= Task to carry out =
Go through the lines below and repeat each one exactly, skipping pictures.

= Material provided =

---------------

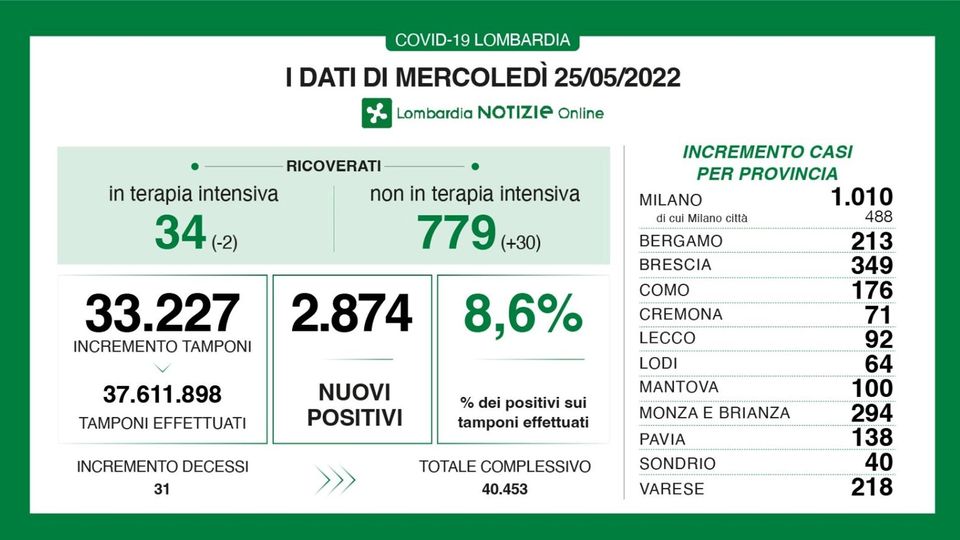 Scende il tasso di positività, nel Lodigiano 64 nuovi contagiati dal virus Scende il tasso di positività, nel Lodigiano 64 nuovi contagiati dal virus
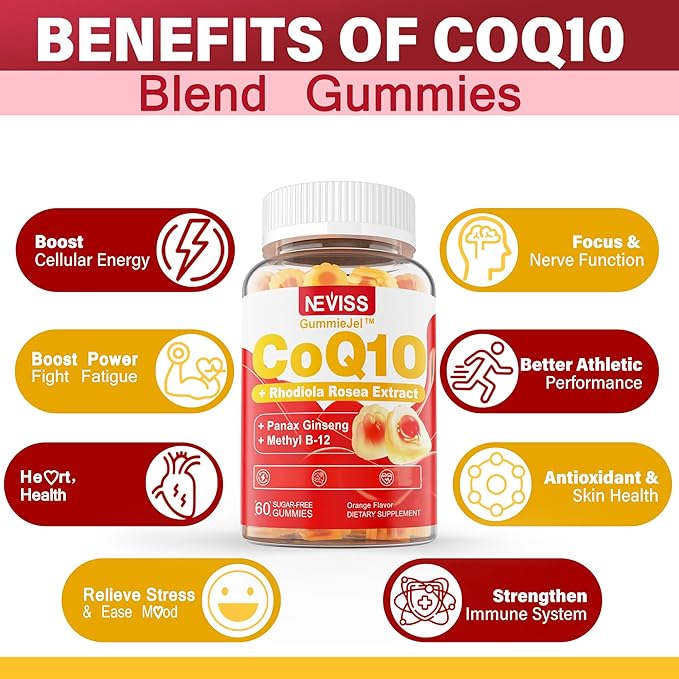 Sugar Free CoQ10-200mg 400mg Filled Gummies - 2 Months Supply - w/ Vitamin B12 1000mcg, Rhodiola Rosea & Panax Ginseng, B6, Coenzyme Q10 Supplement for Hear-t, Energy, Antioxidant, Ultra Absorption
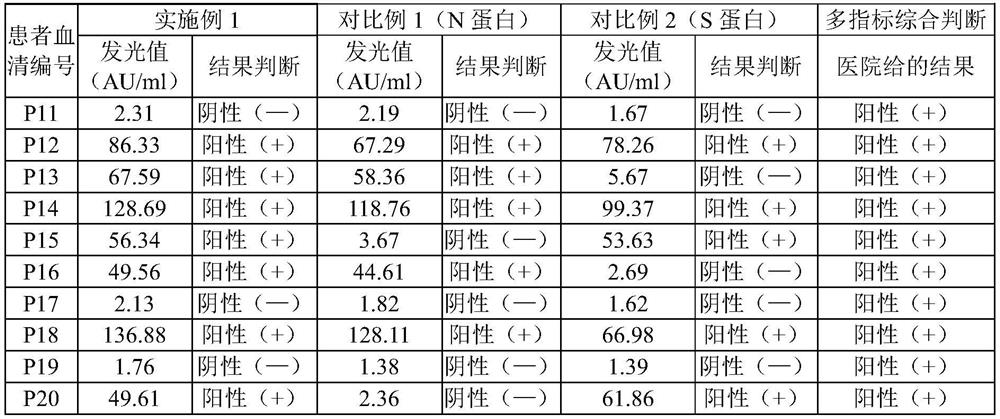 A kit for rapidly and accurately detecting novel coronavirus igm antibody and preparation method thereof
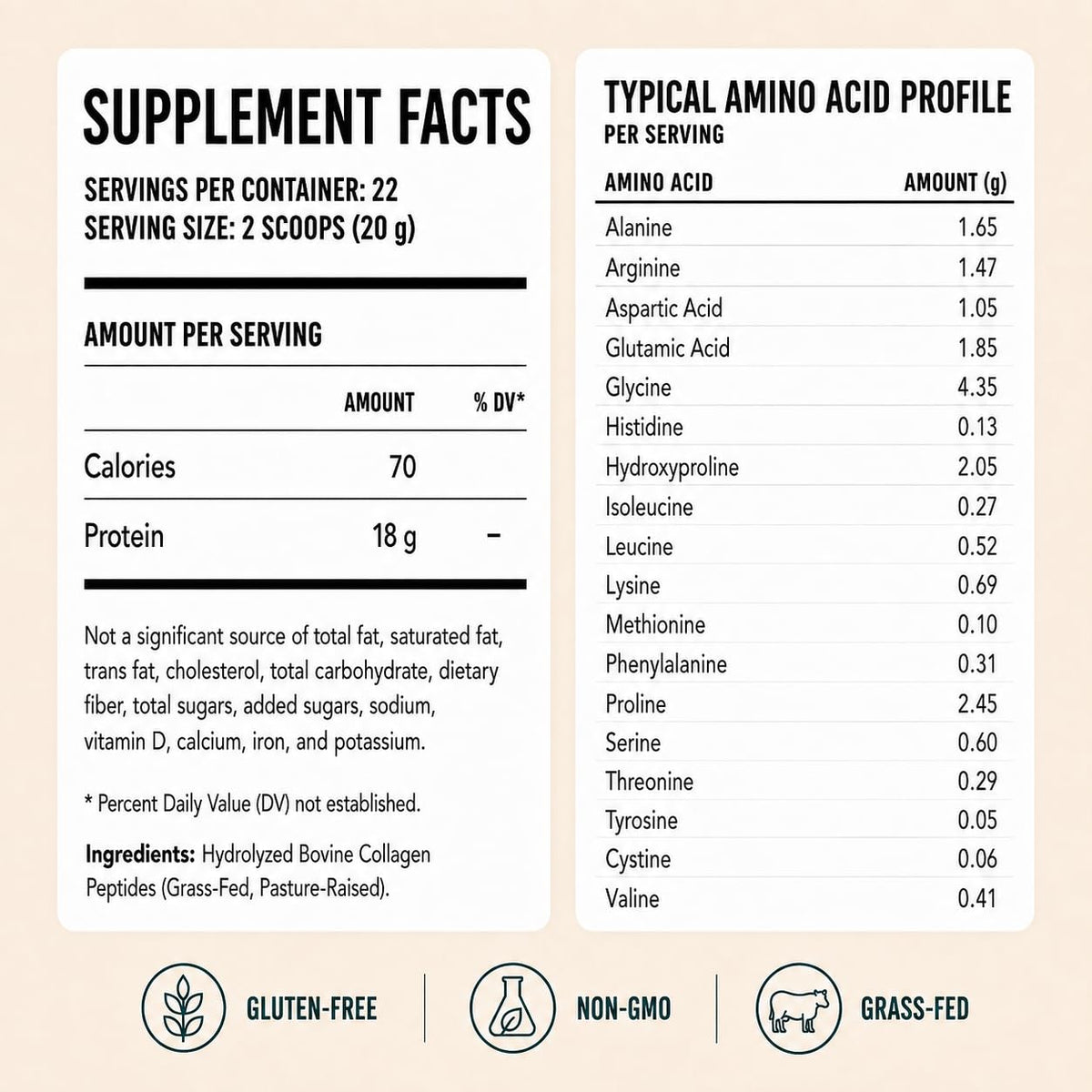 Hydrolyzed Bovine Collagen Peptides Powder, Grass Fed, Unflavored, 16 oz U873783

---------------

= Response for this exercise =
 Scende il tasso di positività, nel Lodigiano 64 nuovi contagiati dal virus Scende il tasso di positività, nel Lodigiano 64 nuovi contagiati dal virus
 Sugar Free CoQ10-200mg 400mg Filled Gummies - 2 Months Supply - w/ Vitamin B12 1000mcg, Rhodiola Rosea & Panax Ginseng, B6, Coenzyme Q10 Supplement for Hear-t, Energy, Antioxidant, Ultra Absorption
 A kit for rapidly and accurately detecting novel coronavirus igm antibody and preparation method thereof
 Hydrolyzed Bovine Collagen Peptides Powder, Grass Fed, Unflavored, 16 oz U873783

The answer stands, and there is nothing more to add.